Beylerbeyi'ne gelelim. Hakkı İsmet'in profesyonellik dışı tavrını bir kez daha yazmayacağım. Devre arasında kırmızı yeşilli ekip Hakkı'dan kurtulursa büyük patlama yaşarlar. Net. Anıl nihayet üç gol attı, bu hattrick performansını sezon başından beri hak ediyordu. Üstelik (yanılmıyorsam) dizinden bir sakatlık yaşadığı için geçen hafta oynamamıştı. Sakat sakat üç gol atması cabası.

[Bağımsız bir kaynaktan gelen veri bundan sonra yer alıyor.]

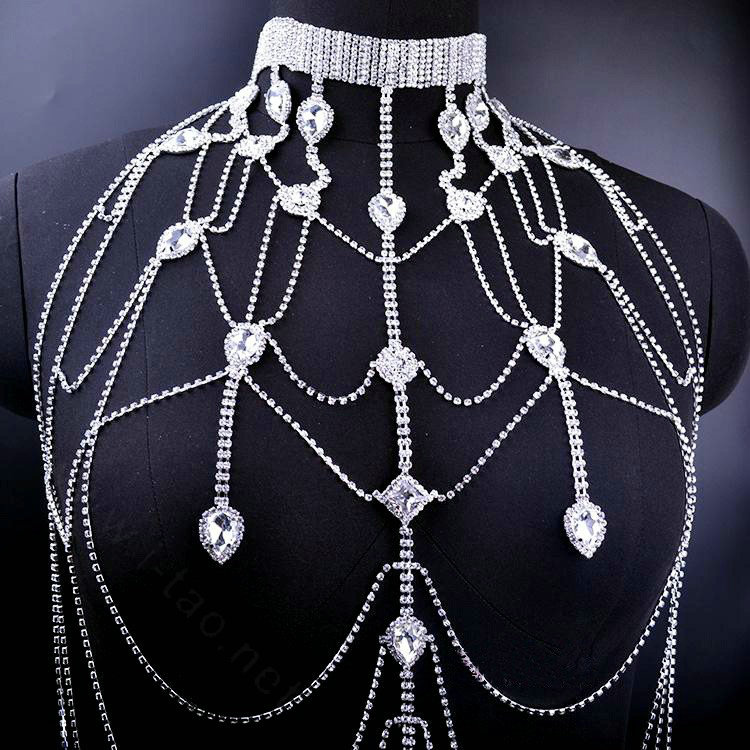 Rhinestone Full Body Chain Bridal Shoulder Necklace Dress Decor Jewellry - Silver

Gol pozisyonlarına gelelim: İlk golde bir Beylerbeyili vurdu, kaleciden seken topu Anıl boş kaleye uzak mesafeden tiplemekte zorlanmadı. İkinci golde dışarıdan içeri doldurulan topu sonradan oyuna giren Kaan Dorak olduğu yerde gerilip yay gibi vurarak şık bir şekilde kritik bir dakikada gole çevirince oyun koptu gitti. Üçüncü gol çok gecikmedi ve Beylerbeyi'nin klasik "beklenmedik gol" statüsüne girdi. Topu süren Anıl'ın önündeki üç defansı da çarprazlamasına dizdirip sollarından sol ayağıyla tam köşeye yolladığı topla Beylerbeyi ikinci kez öne geçti, son darbe de gecikmedi ve ofsayt pozisyonunda aldığı topu kaleciyle birebir pozisyonda Anıl Gir zorlanmadan kaleye yollayarak skoru belirledi.
Diyarbakır'a geçelim.
Defansta Bayram Nazlı gerçekten Üçüncü Lig'in en iyi stoperlerinden birisiymiş gibi durdu, emin olmak için iki üç maçını daha izlemek lazım ama pozisyon kurgusu ve kafa topu hakimiyeti mükemmele yakındı. Yenilen bilhassa son iki golde hiç hatası yoktu.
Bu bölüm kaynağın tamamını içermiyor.